Is it appropriate to say a variable is a label or box?

You can think of variables as living inside boxes, the box being the module scope.

For example, if you assign a new variable in module

module MyModule
var = "var label"
end

Then this var is boxed into the MyModule scope, so you must access it as MyModule.var unless you export or import it into another box (module scope).

So I would say that variables are labels in boxes.

As stated before, try to look past the analogy, and build up an independent concept for these things, the analogy only helps you get started if you do not yet have a any conception of these things yet.

1 Like

Ok, I arrived late, but let me do one more analogy:

Forget boxes. Boxes do not exist.

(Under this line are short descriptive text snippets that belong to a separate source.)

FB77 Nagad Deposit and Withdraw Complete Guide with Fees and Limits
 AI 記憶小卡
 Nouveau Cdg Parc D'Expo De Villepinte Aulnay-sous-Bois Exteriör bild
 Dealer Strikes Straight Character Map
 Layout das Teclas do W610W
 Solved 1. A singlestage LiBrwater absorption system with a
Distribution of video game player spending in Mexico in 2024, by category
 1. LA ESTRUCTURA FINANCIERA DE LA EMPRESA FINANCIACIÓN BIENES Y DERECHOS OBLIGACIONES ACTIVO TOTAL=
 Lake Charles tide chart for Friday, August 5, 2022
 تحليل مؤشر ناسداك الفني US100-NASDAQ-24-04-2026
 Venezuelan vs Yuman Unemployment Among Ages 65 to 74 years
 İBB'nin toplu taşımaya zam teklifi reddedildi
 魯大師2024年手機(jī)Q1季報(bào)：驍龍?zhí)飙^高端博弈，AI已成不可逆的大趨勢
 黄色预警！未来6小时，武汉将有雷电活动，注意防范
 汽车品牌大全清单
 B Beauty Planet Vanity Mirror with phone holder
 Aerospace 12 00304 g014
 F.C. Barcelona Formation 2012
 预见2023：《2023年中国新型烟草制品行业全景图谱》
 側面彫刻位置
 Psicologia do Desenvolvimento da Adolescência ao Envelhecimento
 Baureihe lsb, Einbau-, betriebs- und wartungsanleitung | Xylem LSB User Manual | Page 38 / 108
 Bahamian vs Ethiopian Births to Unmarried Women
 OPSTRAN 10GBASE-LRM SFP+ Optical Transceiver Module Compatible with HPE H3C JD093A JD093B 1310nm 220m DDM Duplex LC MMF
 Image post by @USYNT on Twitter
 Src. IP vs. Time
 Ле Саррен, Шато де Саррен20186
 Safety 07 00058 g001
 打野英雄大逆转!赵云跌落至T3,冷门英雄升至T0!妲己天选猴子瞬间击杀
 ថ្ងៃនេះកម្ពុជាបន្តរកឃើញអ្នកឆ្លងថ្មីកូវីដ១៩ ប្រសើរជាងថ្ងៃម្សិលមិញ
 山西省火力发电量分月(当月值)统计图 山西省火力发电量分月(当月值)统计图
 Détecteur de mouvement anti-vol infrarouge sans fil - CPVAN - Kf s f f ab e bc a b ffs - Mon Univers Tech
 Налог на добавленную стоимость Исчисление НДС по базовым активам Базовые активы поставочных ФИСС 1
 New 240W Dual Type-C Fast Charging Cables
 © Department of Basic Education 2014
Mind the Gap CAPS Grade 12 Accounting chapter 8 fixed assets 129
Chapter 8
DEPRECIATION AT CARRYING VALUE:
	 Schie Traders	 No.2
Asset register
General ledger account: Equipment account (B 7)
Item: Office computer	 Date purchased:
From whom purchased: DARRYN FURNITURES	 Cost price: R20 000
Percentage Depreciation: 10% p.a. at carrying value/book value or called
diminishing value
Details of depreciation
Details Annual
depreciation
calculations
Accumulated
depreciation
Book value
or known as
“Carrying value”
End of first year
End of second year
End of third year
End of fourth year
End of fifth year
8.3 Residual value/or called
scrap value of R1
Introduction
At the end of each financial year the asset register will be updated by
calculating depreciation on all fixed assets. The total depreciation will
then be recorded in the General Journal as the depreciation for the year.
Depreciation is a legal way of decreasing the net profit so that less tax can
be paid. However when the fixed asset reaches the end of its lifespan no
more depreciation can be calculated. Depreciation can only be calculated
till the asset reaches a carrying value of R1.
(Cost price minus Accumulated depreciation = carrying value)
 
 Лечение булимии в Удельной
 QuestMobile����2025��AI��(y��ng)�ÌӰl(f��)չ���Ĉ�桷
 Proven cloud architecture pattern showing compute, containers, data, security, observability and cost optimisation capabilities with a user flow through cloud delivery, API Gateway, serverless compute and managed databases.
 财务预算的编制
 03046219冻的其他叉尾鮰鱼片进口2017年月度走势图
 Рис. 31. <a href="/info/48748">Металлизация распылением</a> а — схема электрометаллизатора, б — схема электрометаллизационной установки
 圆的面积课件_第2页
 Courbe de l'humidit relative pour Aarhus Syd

Period.

When you create an object it simply exists. Semantically does not matter where it lives. (For performance reason it may matter but this is another topic.)

If you just create an object inside an expression and do not give it a label, then Julia knows it does not need to be stored anywhere and may discard it immediately after this use.

If you give it a label (this is called binding), then Julia know you may want to use that pile of data in the future, and keep it around somewhere.

You may want to give the object more than one label, the same pile of data may be referred by many names.

You may also pluck the labels from one pile of data and assign to other pile of data, none of this changes anything about the piles themselves. What was called current in the iteration before may be called old now.

If one pile of data lose all their labels, then Julia thinks you do not want anything anymore with that pile of data as you have no way of finding it anymore anyway (that pile is lost from your label-archiving system) and Julia then considers it garbage. When time for garbage collection comes, Julia sweeps all these unlabeled piles away.

structs are just a pile of labels. As they are a pile, they may be labeled themselves. As they have labels inside, they point to other piles (that may be labeled other ways than just the label inside the struct, they may, for an example, also have a label in your local scope, outside any struct).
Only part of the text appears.